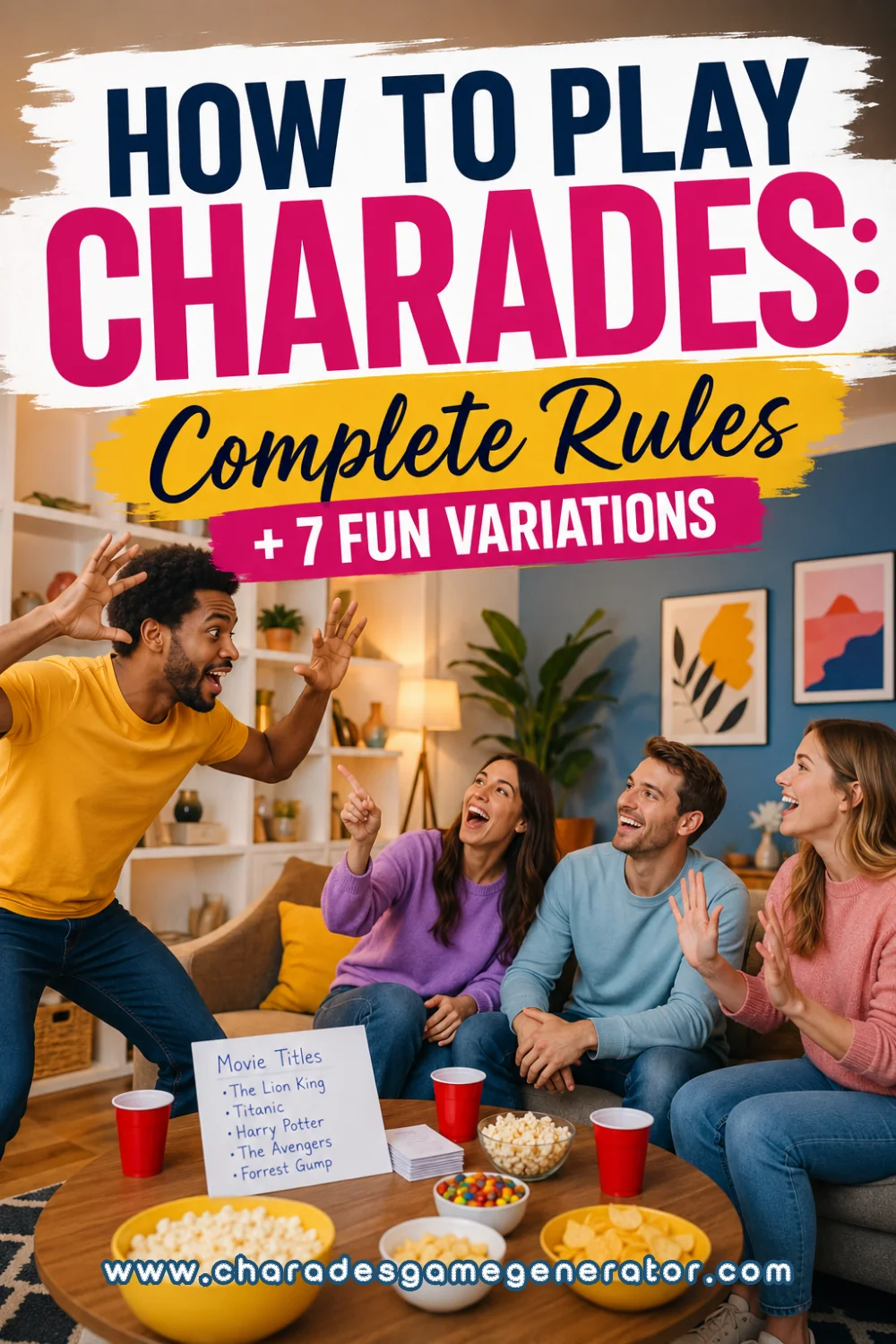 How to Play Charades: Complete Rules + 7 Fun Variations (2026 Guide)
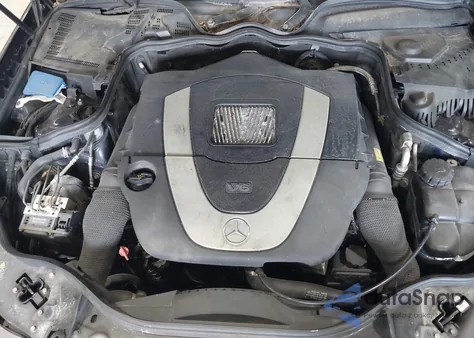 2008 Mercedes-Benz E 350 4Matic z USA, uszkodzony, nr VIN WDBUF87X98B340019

····················

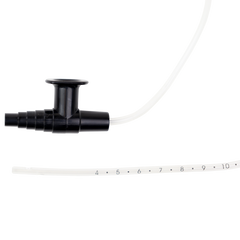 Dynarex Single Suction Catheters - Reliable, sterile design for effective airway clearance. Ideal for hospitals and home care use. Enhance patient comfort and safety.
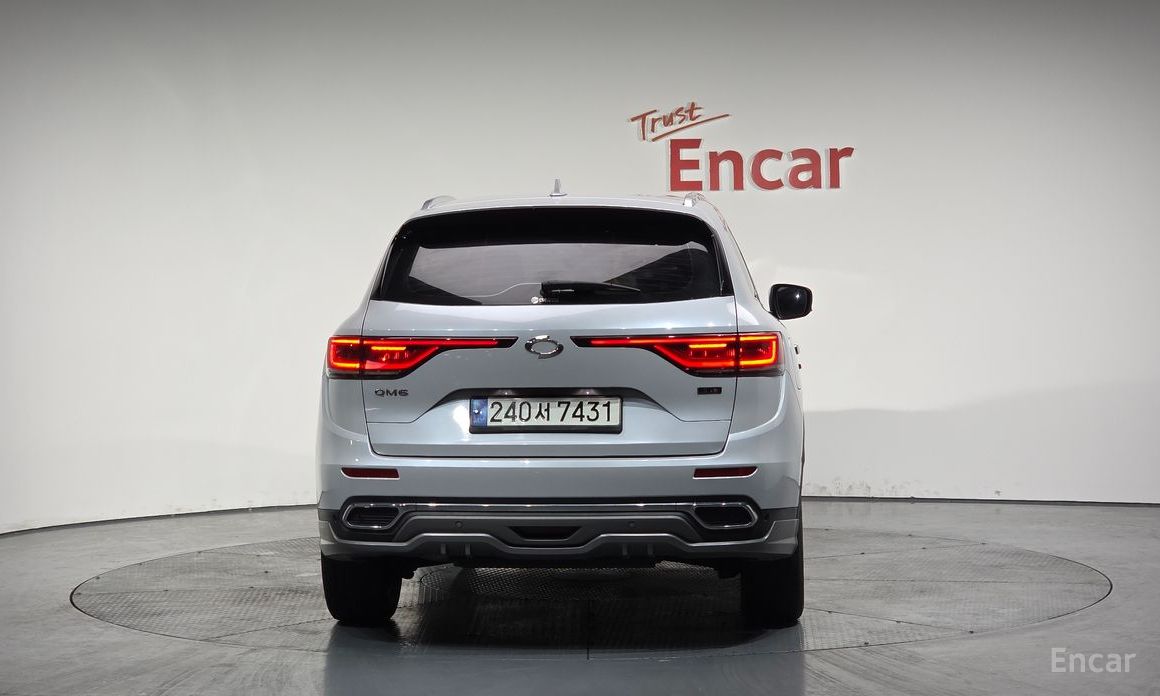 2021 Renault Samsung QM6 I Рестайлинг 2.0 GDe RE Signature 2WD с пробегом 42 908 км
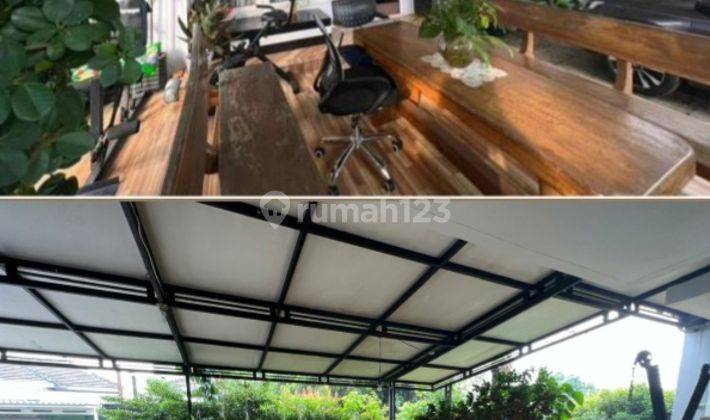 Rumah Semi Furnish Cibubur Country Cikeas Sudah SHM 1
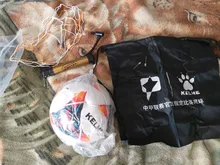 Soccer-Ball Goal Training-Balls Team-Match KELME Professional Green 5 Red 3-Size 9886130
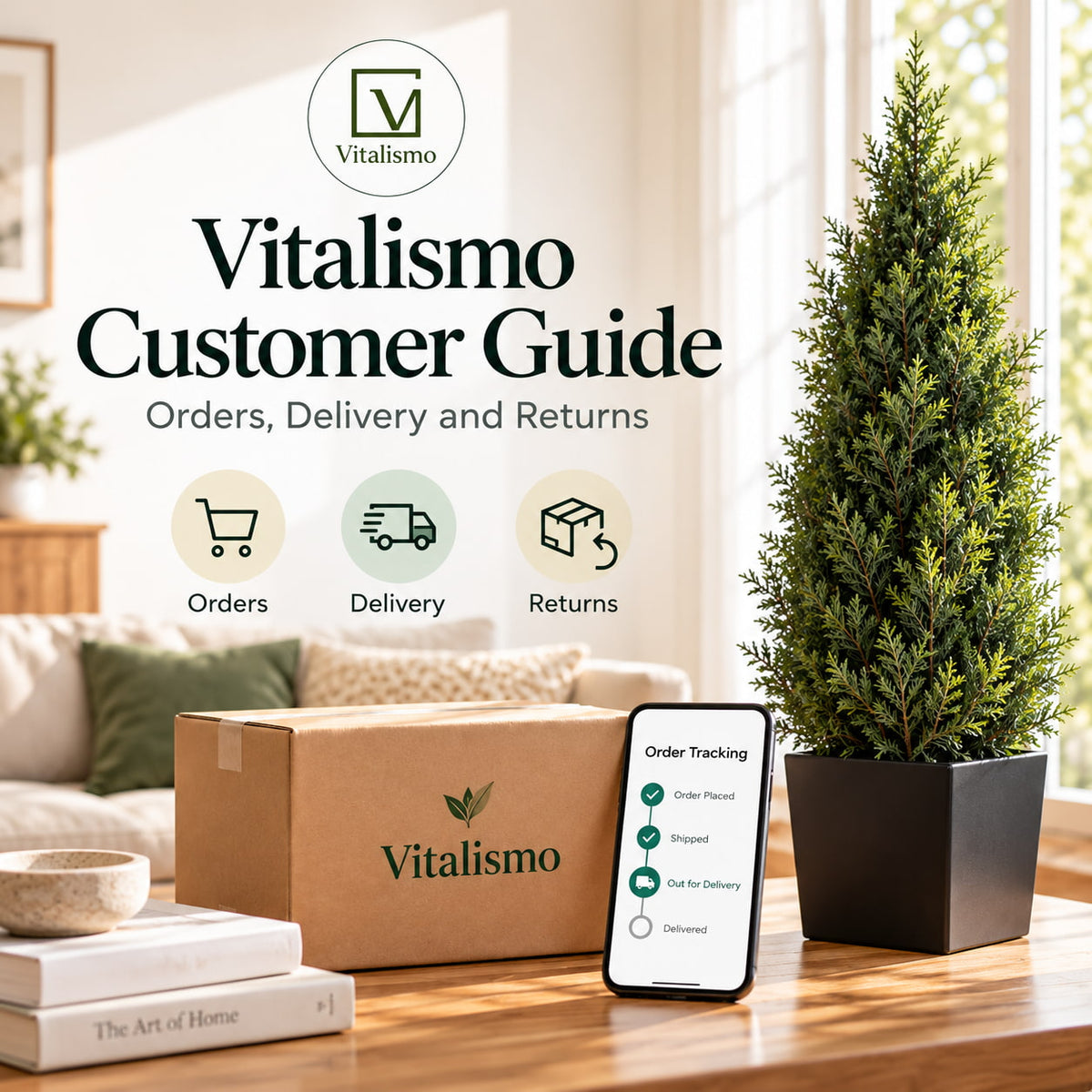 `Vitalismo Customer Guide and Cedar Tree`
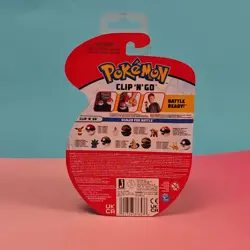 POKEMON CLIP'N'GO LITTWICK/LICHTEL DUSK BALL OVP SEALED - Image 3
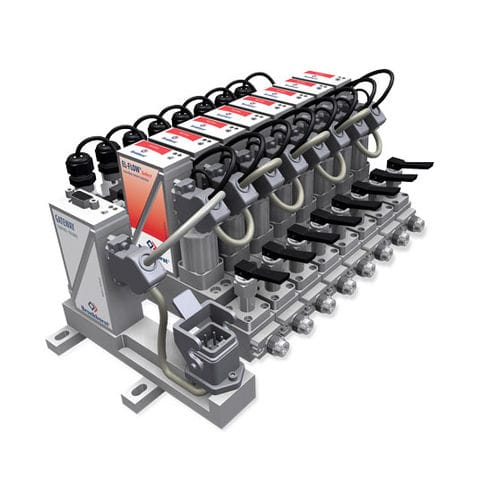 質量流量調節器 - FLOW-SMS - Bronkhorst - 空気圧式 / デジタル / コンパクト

····················

Copy the lines above exactly, starting with the line that contains "POKEMON CLIP'N'GO LITTWICK/LICHTEL" and ending with the line that contains "質量流量調節器 - FLOW-SMS", and leave out any pictures.

 POKEMON CLIP'N'GO LITTWICK/LICHTEL DUSK BALL OVP SEALED - Image 3
 質量流量調節器 - FLOW-SMS - Bronkhorst - 空気圧式 / デジタル / コンパクト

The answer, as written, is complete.